The book is about the different parts of the gut-brain connection. There is a chapter on the vagus nerve, the main nerve pathway from the gut to the brain. There is a chapter on the hormones that send messages between the gut and the brain, such as oxytocin, dopamine, and the satiety hormones. And there are chapters on the brain’s reward system, gut bacteria, the immune system, leaky gut, and parasites. The book is not easy to read. I’m very interested in the subject and have read books about it before, but here I regularly dropped out. Hasler does not have a smooth writing style, his sentences are quite scientific and he sprinkles with a lot of facts and small anecdotes, so that you lose the thread. Still, some parts are interesting. I regularly found the explanations, for example about the physiology of the brain or the nervous system, also enlightening.
Hasler regularly draws on his personal life, or talks about patients from the practice. Then the style suddenly changes from dry scientific to quite simplistic and almost caricature. It is striking that he only shares success stories. For example, he discusses a number of patients in which he uses LSD as a therapy, whereby a breakthrough in years of problems occurs after one session. Or he reports that he has been successfully prescribing yoga or mindfulness for severely traumatized or depressed patients. Sounds a bit too good to be true, especially since he shows in the rest of the book how complicated that gut-brain connection is.

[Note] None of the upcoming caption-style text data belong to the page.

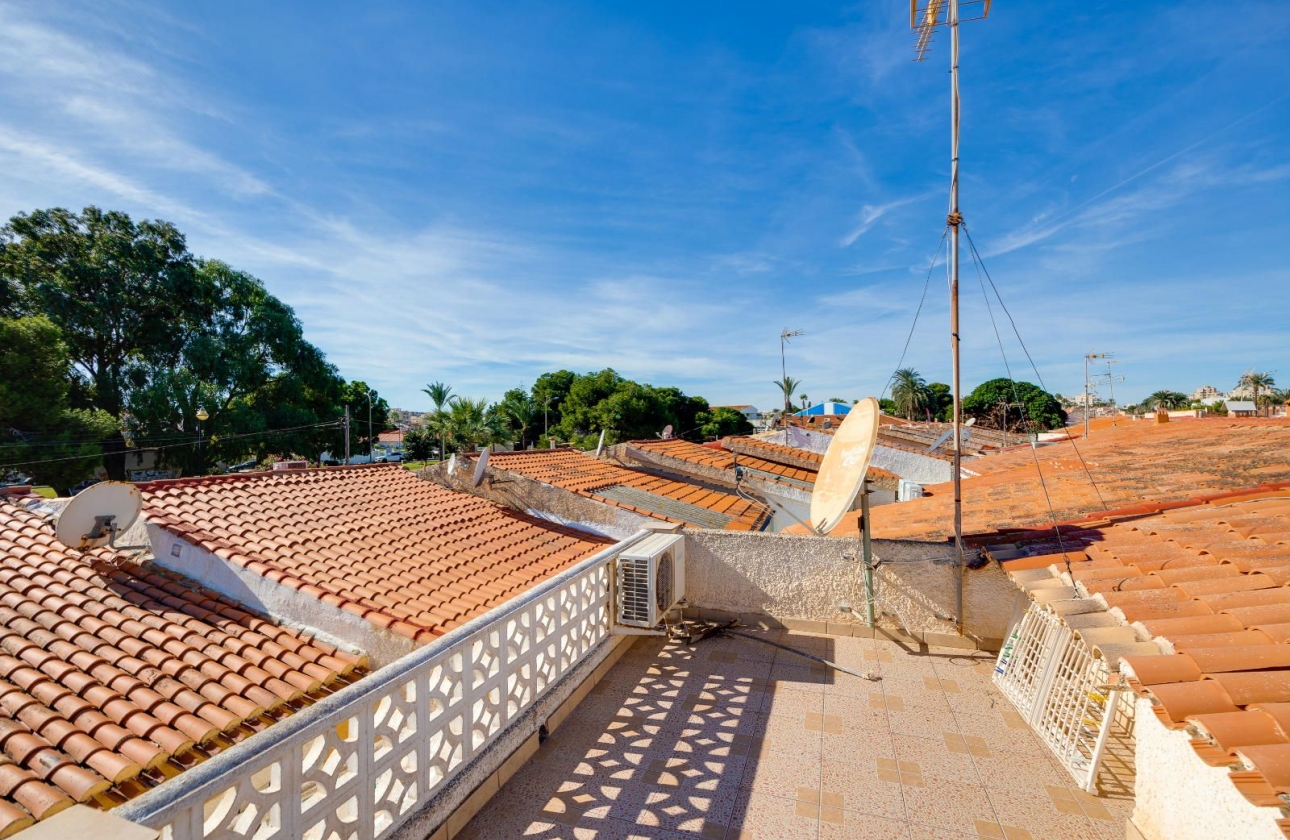 Rynek wtórny - Szeregowiec - Torrevieja - Los Angeles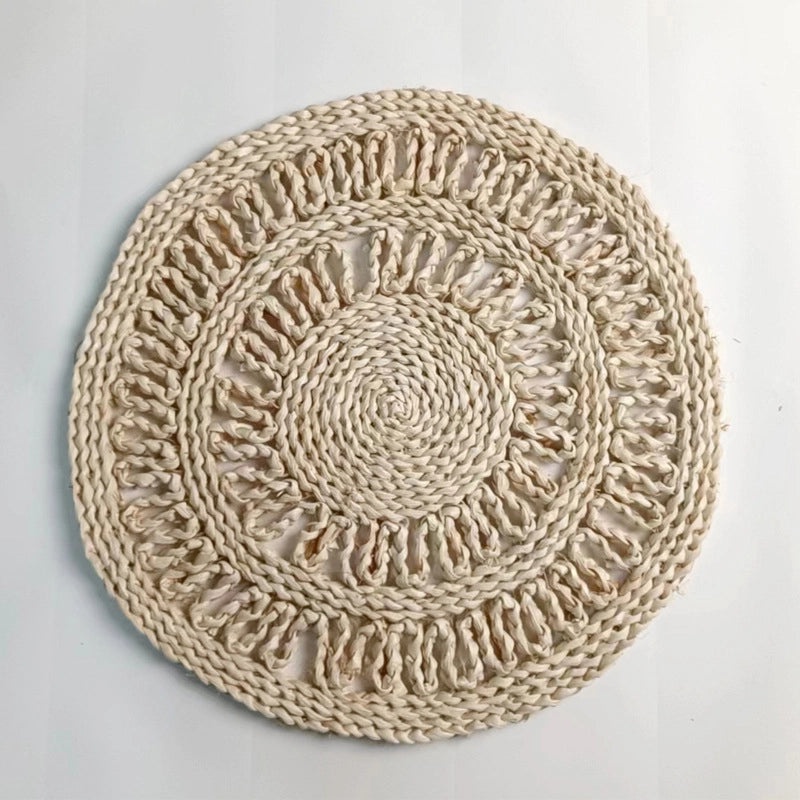 Hand-Woven Corn Husk Grass Flower Mat for Dining Table Insulation Coaster Pot Bowl Mat|Kitchen & Dining Accessories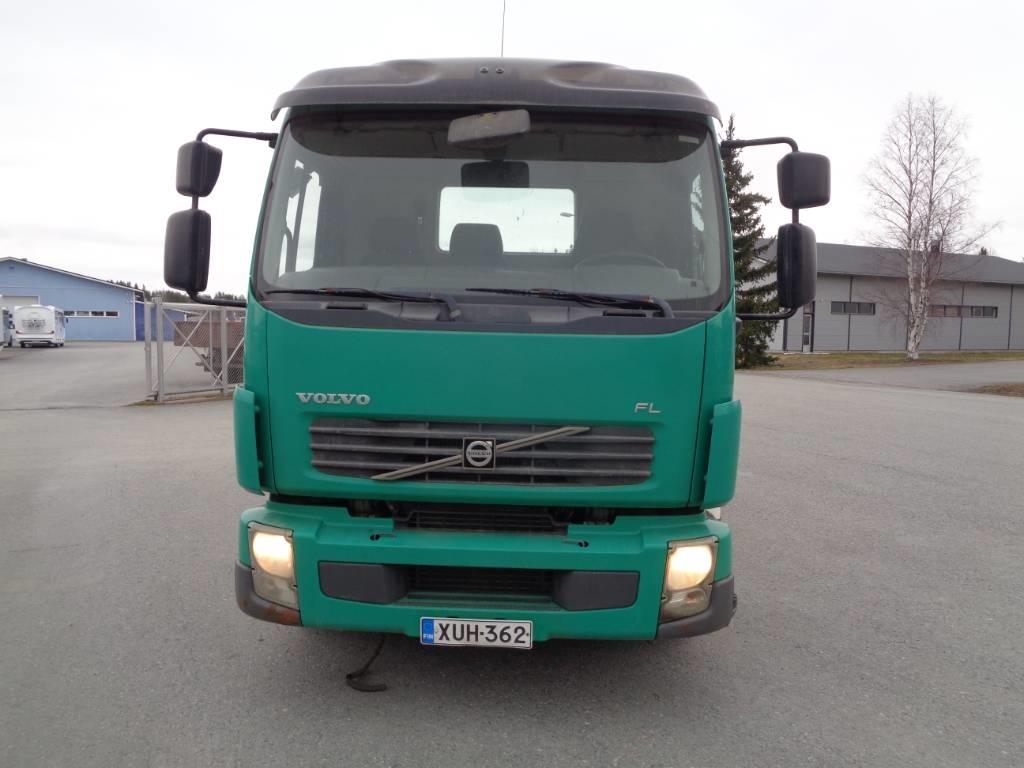 Volvo FL 240 4x2 Vaihtolava-autot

His ideas about nutrition are remarkable here and there. He is a proponent of the “protein lever hypothesis” (people need 200 kilocalories of protein a day, and if they eat less, they remain “protein hungry”), he claims that we cannot become addicted to salt (“Pamper yourself again with some high-quality sea salt!” is advice from the book and he is a proponent of starvation to maintain weight. All in all, the book is a wonderful mush of science, physiology, anecdotes, tidbits and own beliefs. I think the book would have become much clearer with good final editing, a clearer structure and above all: the necessary deletions.
What can you practically do with this book?
Not so much. After reading the book you will understand much better how closely the brain and gut (and the rest of the body) are connected. You may therefore pay more attention to nutrition, or to the proper functioning of the digestive system. But what exactly you should eat, or how you can improve digestion, the book does not provide practical tools for this. Hopefully, take his advice to spoil yourself with “high-quality sea salt” with a grain of salt.
Final verdict
The subject of the book is incredibly interesting. The author clearly shows how complicated our body is, and how ingeniously the gut and brain work together. The book could have been a lot more readable and structured. I’m afraid a lot of people give up halfway (or earlier) and that’s a shame.